The research highlighted that 10-year swap spreads—measuring sovereign risk premia—are at their highest levels since the 2011-2012 European debt crisis across major sovereign bonds, suggesting elevated perceived credit risk in government debt markets.
However, Bitwise flagged near-term headwinds for bitcoin. Higher global bond yields have made Strategy's (MSTR) STRC perpetual preferred equity dividends less attractive to investors, and STRC has recently traded below par value. Strategy's accumulation purchases account for roughly two-thirds of institutional bitcoin demand via global treasury companies and bitcoin exchange-traded products through 2026 to date, per Bitwise's count, meaning any stall in STRC-funded buying could materially impact flows.
Key Numbers
- $224,000: Bitcoin's model-implied fair value under the Foss framework if adopted as sovereign default insurance
- $29 trillion: Projected government and corporate bond borrowing this year, up 17% from 2024
- ~$7.5 trillion: Size of Japan's JGB market, world's second-largest sovereign bond market
- 230%: Japan's debt-to-GDP ratio
- ~$1.2 trillion: Japanese investors' U.S. Treasury holdings
- 36%: Percentage of historical bitcoin MVRV readings below current level (lower half of distribution)

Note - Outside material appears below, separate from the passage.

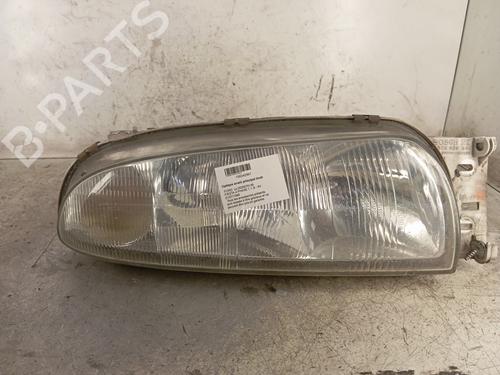 Lyskaster høyre FORD FIESTA IV (JA_, JB_) 1.3 i (60 hp) 30023511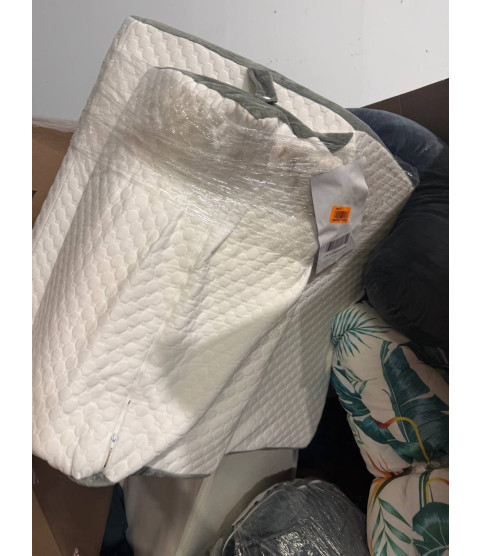 1 Pallet - Wholesale Liquidation - Bedding, Pillows, Comforters & General Merchandise - Condition: Customer returns - Unsorted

- $66,300: Bitcoin's approximate trading price on Wednesday
What to Watch
The upside scenarios Bitwise outlines hinge critically on monetary policy direction and sovereign bond market dynamics. A Federal Reserve pause under newly confirmed chair Kevin Warsh against a backdrop of rising inflation could push real yields lower—a condition the report cited as a historical tailwind for bitcoin.
A sovereign bond capitulation that forces central bank intervention to safeguard financial stability could validate bitcoin's role as a decentralized hedge against sovereign counterparty risk, potentially bringing the Foss framework closer to mainstream consideration. Traders should monitor 10-year swap spreads across G20 nations and any deterioration in Strategy's STRC preferred equity structure, given its outsized role in institutional demand.
The divergence between bitcoin's MVRV ratio sitting in the lower half of historical distribution versus the NASDAQ 100's price-to-book at record highs (99th percentile) reflects one of the most extreme valuation gaps Bitwise has observed between the digital asset and U.S. large-cap technology equities.